I recently listened to hostage negotiator, Chris Voss, talk about dealing with family members during this difficult time of quarantine. Getting people to do what we want is challenging at the best of times. But when humans are in confinement, certain behavioural characteristics begin to appear. Ask any astronaut or crew member of a submarine, and they are sure to tell you that sharing close quarters for an extended period of time requires training and skill. It may feel, at times, as though we are being held hostage in our own homes by an unseen, unknown presence. It's bad enough to be challenged by the risks this threat poses on our health, but how do our relationships survive the ups and downs of such difficult times? Gloria Steinem once said, "I can't mate in captivity." But for those of us who did, we vowed for better or worse to stick together with the understanding that we'd be able to get out of the house when necessary. None of us saw this coming.

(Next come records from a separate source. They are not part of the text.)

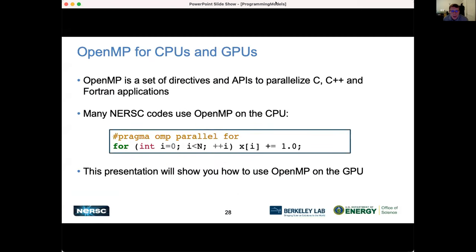As a quick recap — most people on the call are probably familiar with OpenMP for CPUs. It's a set of directives and APIs used to parallelize C, C++, and Fortran applications. We find that many NERSC codes are using OpenMP on the CPU, oftentimes just a few directives like the parallel directive and the for directive to increment an array, work-sharing across all CPU threads. This presentation will extend that and show you how to use OpenMP on the GPU.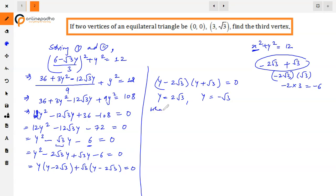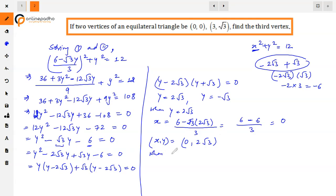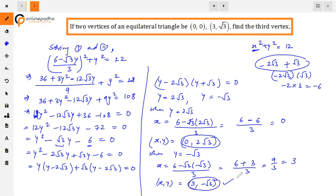Now finding x for each y value. When y = 2√3: x = (6 − √3·2√3)/3 = (6 − 6)/3 = 0. So one possible vertex is (0, 2√3). When y = −√3: x = (6 − √3·(−√3))/3 = (6 + 3)/3 = 9/3 = 3. So the other possible vertex is (3, −√3). Therefore the third vertex of the equilateral triangle is either (0, 2√3) or (3, −√3). This is our answer.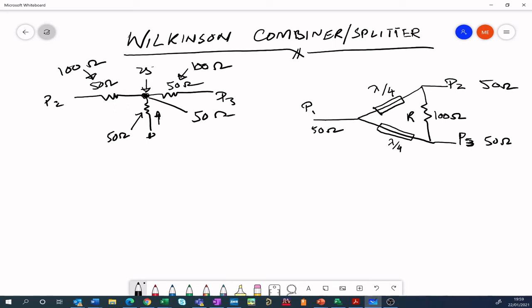It's also important that we have some sort of isolation between the ports. If a signal is applied to port 2, part of that signal is going to travel toward port 3 as well, so port 3 is not going to be 100% isolated from port 2. So how do we achieve that isolation? That's where even and odd mode analysis comes in.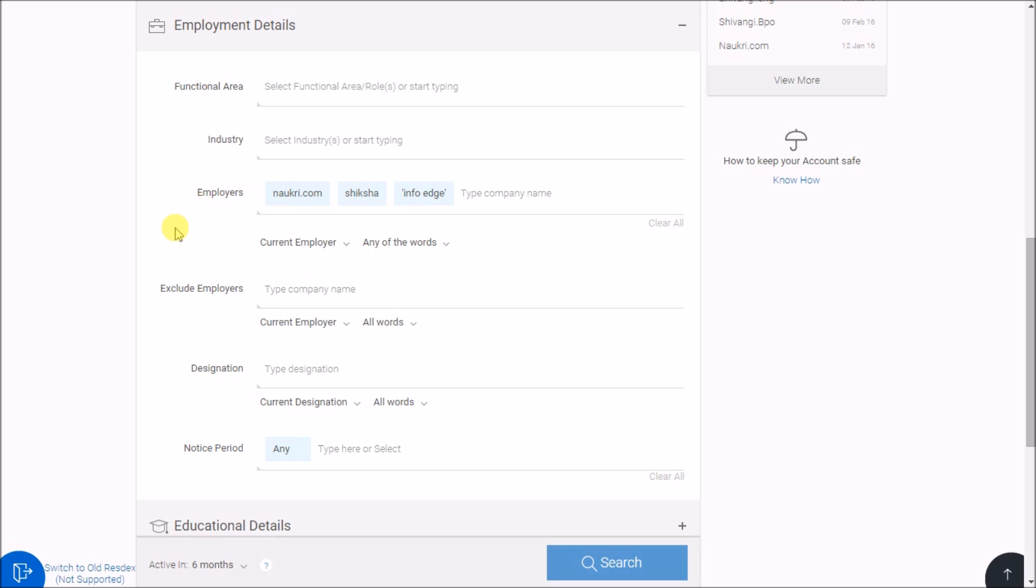Also, if the company name contains more than one word, enclose the same within quotes. Single quote or double quotes do not matter. So this is how you can do headhunting in Naukri's database.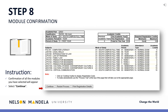Step 8: Module Confirmation. Step 8 provides a visual reflection of the modules selected in the previous step and their details. Please double-check that what reflects on your screen is what is required from the curriculum qualification document. With the modules listed on your screen, further details regarding each are provided: the campus on which the module is offered, the semester in which the module will occur, whether the module is examinable, and the credit value. Happy? Click Continue or Restart Process to make amendments.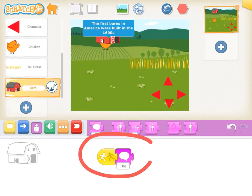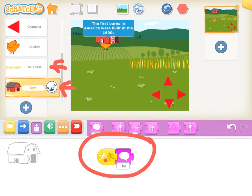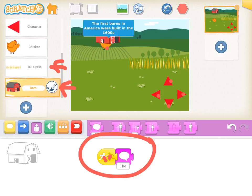The final piece of event code we're going to use is the bump code. You're going to want some objects that your character can bump into while moving around with the arrow keys. For instance, I have a barn, so when my chicken is touching or bumping into the barn, the barn says "The first barns in America were built in the 1600s." You want to have at least three or four other sprites to bump into with some facts. Good luck!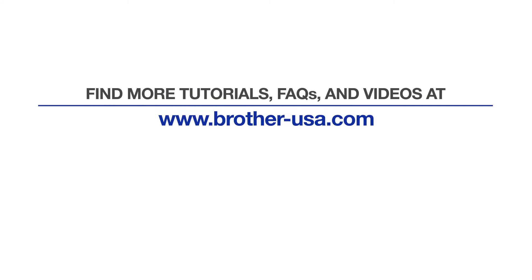For more tutorials, FAQs and videos, visit us at www.brother-usa.com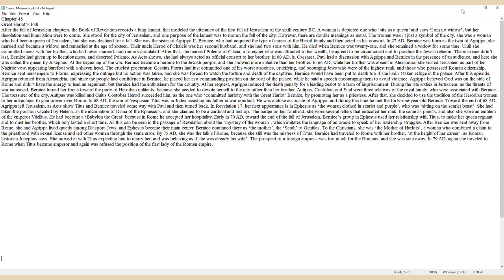As Acts shows, she had always acted as official consort to her brother. In 60 AD, in Caesarea, Paul had a discussion with Agrippa and Bernice in the presence of an audience, and here she was called the queen by Josephus. At the beginning of the war, Bernice became a heroine to the Jewish people, and she showed more initiative than her brother.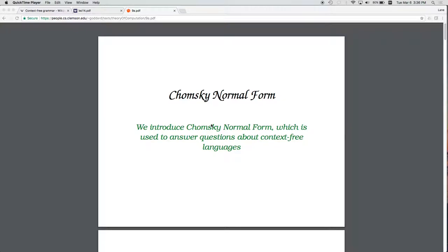Last time we started talking about context-free grammars, and in particular we started talking about Chomsky Normal Form. Today we're going to do a quick review of context-free grammars and Chomsky Normal Form, and then we're going to go through the process of starting to write a program that can read a grammar from a text file, with the eventual goal of having a program that can convert an arbitrary context-free grammar into Chomsky Normal Form.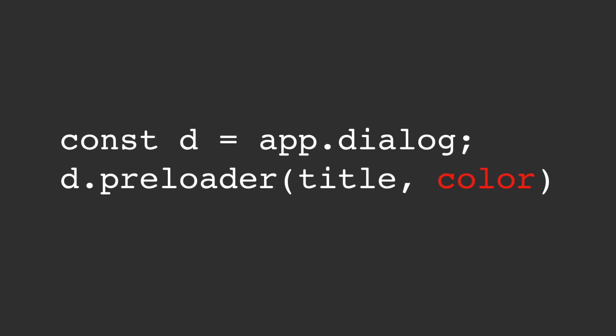A minor change has been applied to the preload dialog API which now supports a color value as the second argument.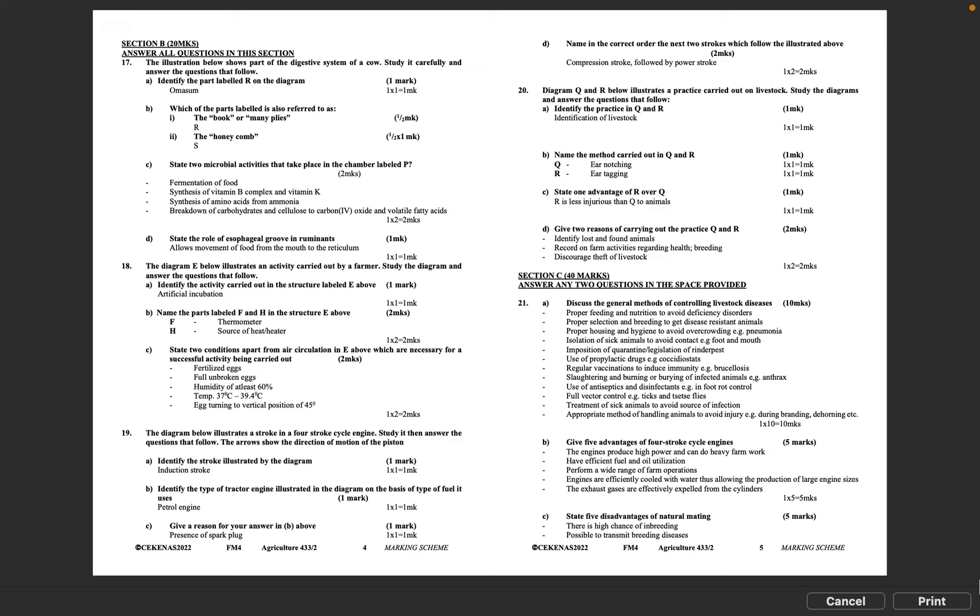B: Which of the parts labeled is also referred to as: I - the book or many plies (R), II - the honeycomb (E, half mark times 1). C: State two microbial activities that take place in the chamber labeled P.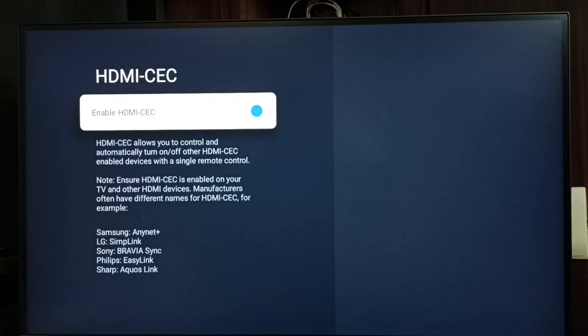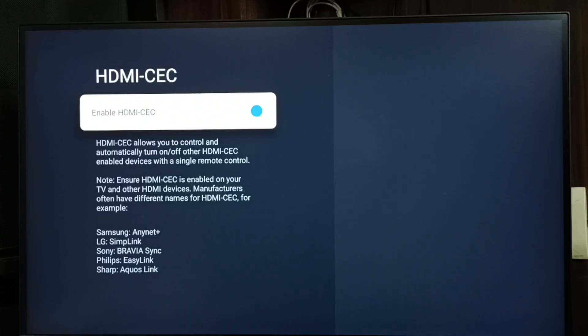This way we can enable HDMI-CEC or Philips EC link. After enabling this option, we can connect a Philips device to this TV.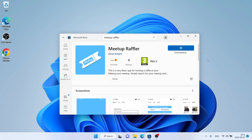It's downloading. Downloading finished and installation complete. Click open.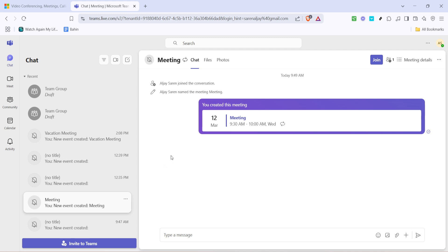Following these steps ensures that every participant leaves the meeting at the same time, bringing the session to an organised and timely conclusion. This can be especially useful for larger meetings where clarity and structure prevent any misunderstandings.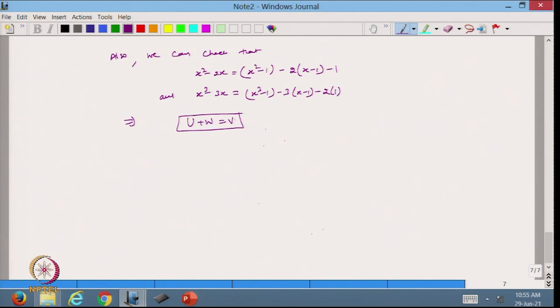In today's lecture we discussed how to define subspaces U + W and U ∩ W, find their bases and dimensions, and extend those bases to a basis for the full vector space V. Thanks for watching.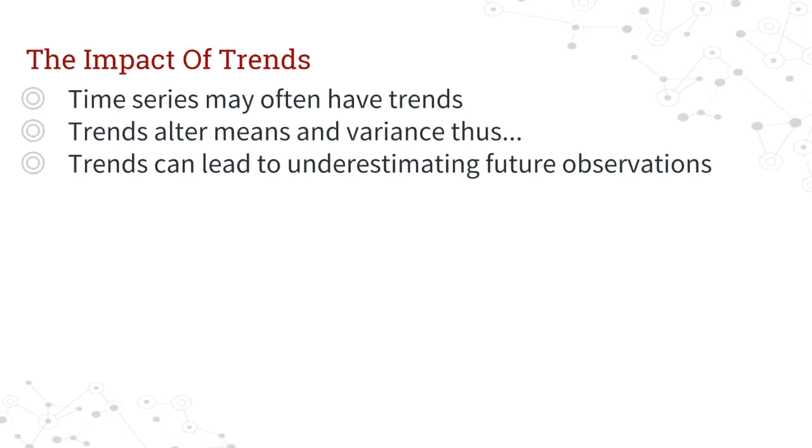And most data sets will have some form of trend. If you're looking at, for instance, company revenue or company costs, you'll see an increase most likely in both of those because over time, things grow. And it's important to look at that.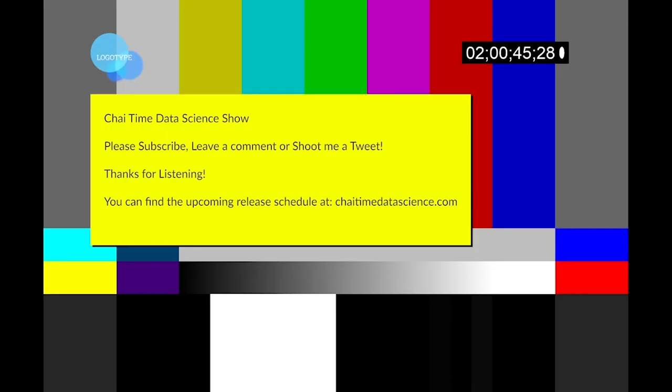That's it for lesson two. Check out episode three for all things lesson three. Thank you. If you like the show, please subscribe and tune in each week to Chai Time Data Science.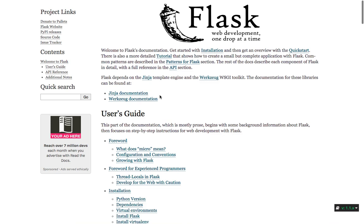You will be using the Python programming language, which is, in my opinion, the best programming language these days. The demand for Python developers is increasing every day because Python is a super powerful programming language.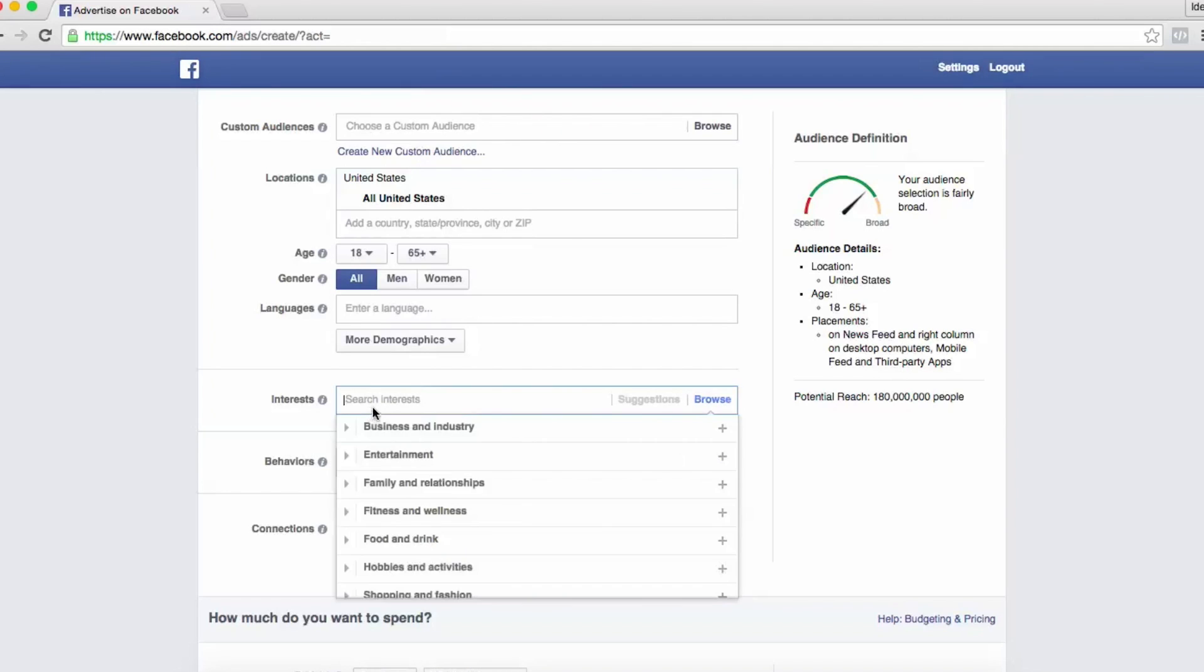You can target by interest, which would be Facebook fan pages or people talking about a certain topic.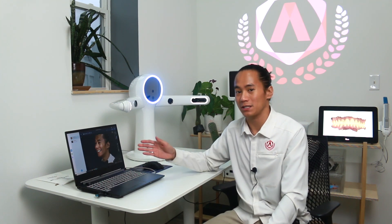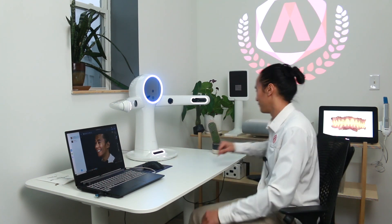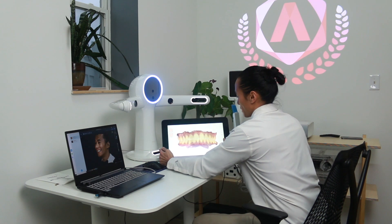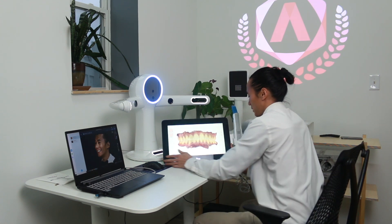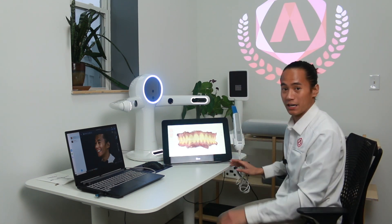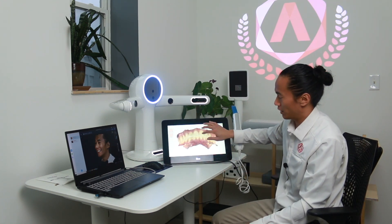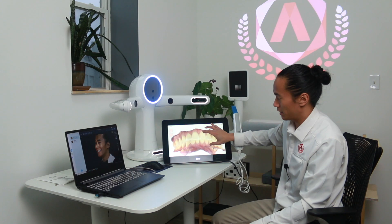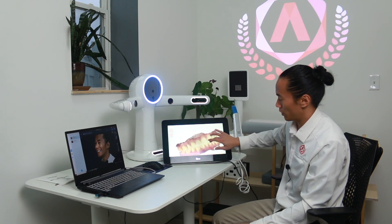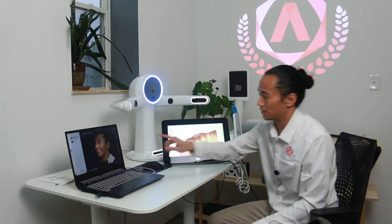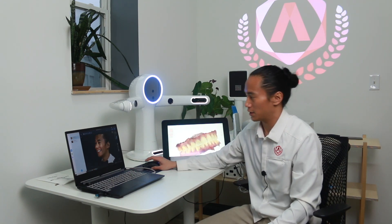Once the software has successfully 3D built our face scan, what we're going to do next is align the 3D face scan with intraoral scans. I've already taken my intraoral scans here using our iTero, and now we're going to align these 3D intraoral scans here in the software.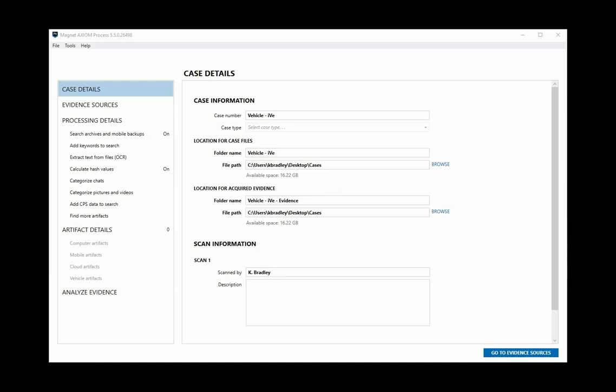Hi, this is Kim Bradley with Magnet Forensics. Today we'll be learning how to process vehicle data by using an exported extraction from Berla's IV software.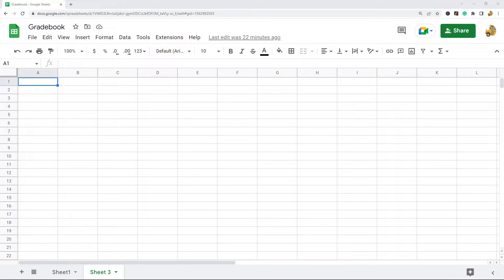In this video I am going to show you how to make a gradebook template in Google Sheets. If you want to create your own gradebook template that you can edit to track the grades of different students in your own spreadsheet, this can be done very easily in Google Sheets. The entire process should just take a few minutes once you get comfortable with it.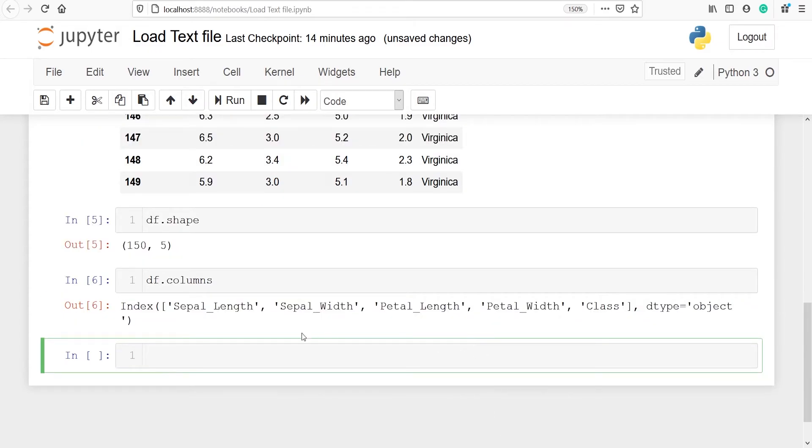In the output you can see that we have got the column names: sepal length, sepal width, petal length, petal width and class. These are the column names.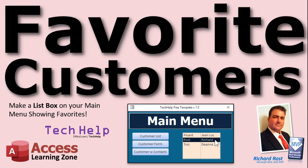Welcome to another Tech Help video brought to you by AccessLearningZone.com. I am your instructor, Richard Rost. In today's video, I'm going to show you how to make a list box on your main menu showing you your favorite customers. So if you've got three or four customers, or ten, that you always contact on a regular basis, they're right there on your main menu. Just double-click and boom, it'll open up the customer record.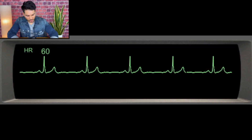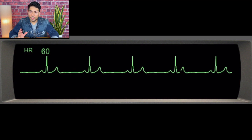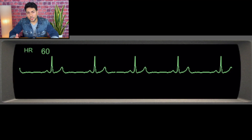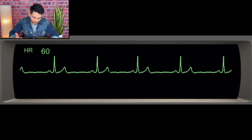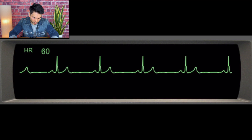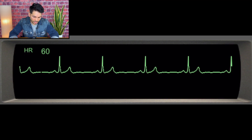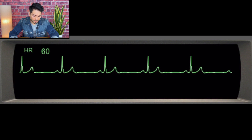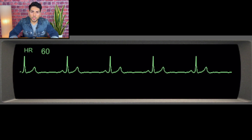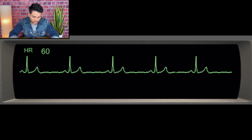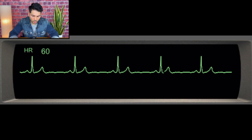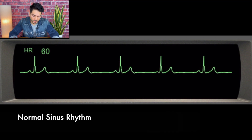Let's practice. Looking at this telemetry, remember to follow the five questions. First: are there any P waves? Yes, there are P waves. Is there a P wave for every QRS? Yes, in a one-to-one fashion. Is the rhythm regular or irregular? We look at the R-to-R distance — it's the same, so it's regular. Is the QRS narrow or wide? It's narrow. Is the PR interval prolonged? No, it's normal. We can conclude this is a normal sinus rhythm.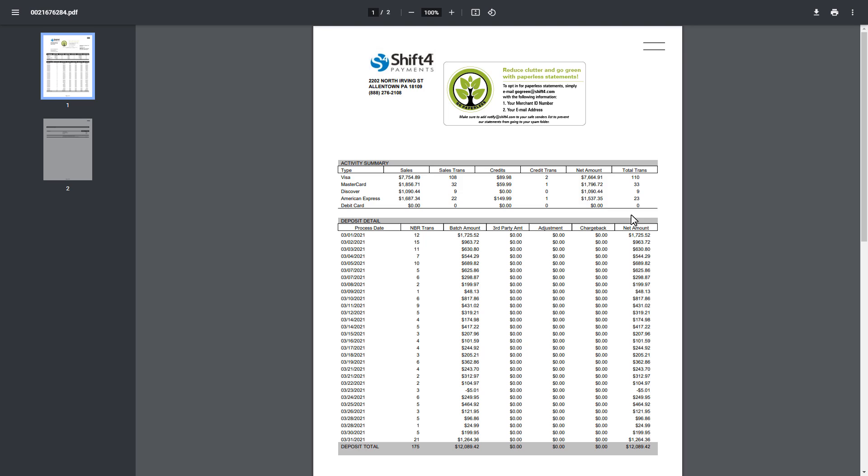The statement will contain your Activity Summary for the month, as well as deposit details.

I can only recall being fettered to another person with no chance for escape once in my life. I was rebounding from a terrible relationship and took the advice of my friends by opting to date instead, a man who was not my type. Andy was outdoorsy, a geography major from McGill with a streak of adventurer embedded deep in his psyche. He'd lived with Bedouins in Africa, swam with pilot whales in the Red Sea, was almost killed going up the Nile in a Faluka, and had been arrested for walking along a beach in Egypt with his unchaperoned cousin, Sabina. I was a bookish female. My most daring enterprises up to that point had been attending theatre school in New York and a gym membership to the YWCA. We had nothing in common except a summer job working with kids. But before I knew it, I was learning how to hang-glide, taking deep-sea diving lessons, and rock climbing. In the end, I wasn't successful at any of these endeavours and stopped before they killed me. Instead, I became the side-kick to his Indiana Jones and drove him to hospitals whenever he broke something from his thrill-seeking exploits.
Eager to prove my worth and dispel his friend's opinion that I was ill-suited to be his girlfriend, I agreed to go on a six-day camping trip to Killarney Provincial Park. Not just a camping trip, but a canoe / camping trip with our Labrador retriever, Cairo. It's worth mentioning that I had never ever been on a camping trip before in my entire life. I'd never spent the night in a tent, I'd probably been in a canoe once, maybe twice before, and I was (and still am) terrified of bears. This fear had something to do with being dragged by the head and eaten alive. Like most fears, it stemmed from some helpful video show to us at school to alert us to the dangers of such things as fires, railroad tracks, and wild animals. These instructional films always started with a date and footage of two carefree hikers laughing as they frolicked through the woods. Completely oblivious to the fact that they were about to be lunch, they picked flowers or tossed back a soda while just inches away, a bear was licking his chops. You'd see the bear bounding out of his hiding place, and you'd hear screams, then silence as the camera cut to a lone running shoe on the path. Given a choice, I'd rather spend a night in a zombie-infested village than within 15 kilometres of a bear. (although thinking about it, zombies and bears have a lot in common).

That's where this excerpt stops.